Richard Evans, José Hernández-Orallo, Johannes Welbl, Pushmeet Kohli, Marek Sergot, Making sense of sensory input, . Artificial Intelligence, Volume 293, 2021 DOI: 10.1016/j.artint.2020.103438.

This paper attempts to answer a central question in unsupervised learning: what does it mean to “make sense” of a sensory sequence? In our formalization, making sense involves constructing a symbolic causal theory that both explains the sensory sequence and also satisfies a set of unity conditions. The unity conditions insist that the constituents of the causal theory – objects, properties, and laws – must be integrated into a coherent whole. On our account, making sense of sensory input is a type of program synthesis, but it is unsupervised program synthesis. Our second contribution is a computer implementation, the Apperception Engine, that was designed to satisfy the above requirements. Our system is able to produce interpretable human-readable causal theories from very small amounts of data, because of the strong inductive bias provided by the unity conditions. A causal theory produced by our system is able to predict future sensor readings, as well as retrodict earlier readings, and impute (fill in the blanks of) missing sensory readings, in any combination. In fact, it is able to do all three tasks simultaneously. We tested the engine in a diverse variety of domains, including cellular automata, rhythms and simple nursery tunes, multi-modal binding problems, occlusion tasks, and sequence induction intelligence tests. In each domain, we test our engine’s ability to predict future sensor values, retrodict earlier sensor values, and impute missing sensory data. The Apperception Engine performs well in all these domains, significantly out-performing neural net baselines. We note in particular that in the sequence induction intelligence tests, our system achieved human-level performance. This is notable because our system is not a bespoke system designed specifically to solve intelligence tests, but a general-purpose system that was designed to make sense of any sensory sequence.

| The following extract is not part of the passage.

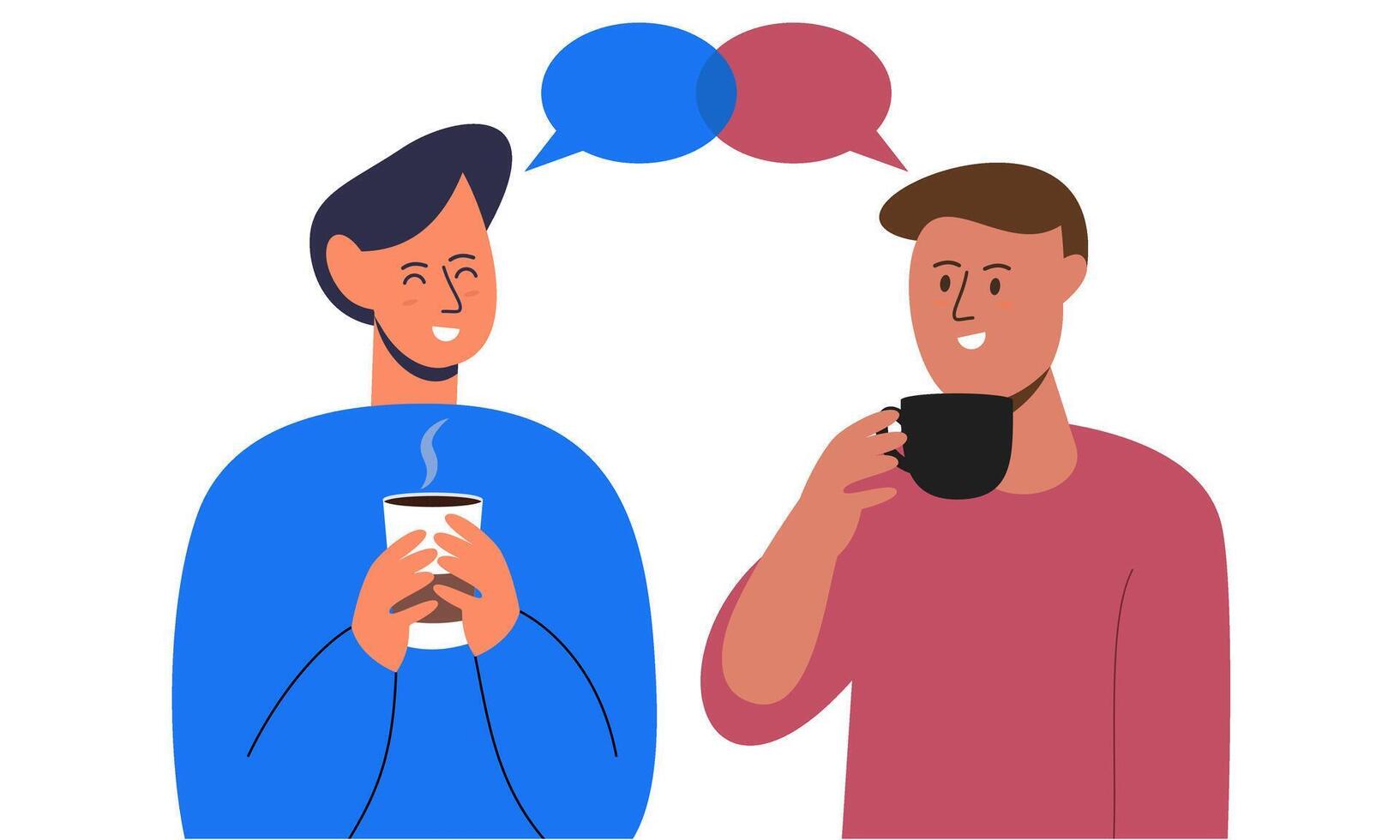 Two man talking. Meeting of friends or colleagues illustration vector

Continuation paper: https://doi.org/10.1016/j.artint.2021.103521

Notes:

  • Use HMMs with the states being sets of atomic propositions and the transition function logical predicates, therefore mixing a non-symbolic framework (HMM) with a completely symbolic one.
  • Assume perceptions to be previously discretized and modelled as grounded atoms.
  • Need to be provided with both the sensory (discretized) input and commonsense knowledge about the predicates used for making sense.
  • Include a very clear and simple representation of deduction, induction and abduction (Fig. 1).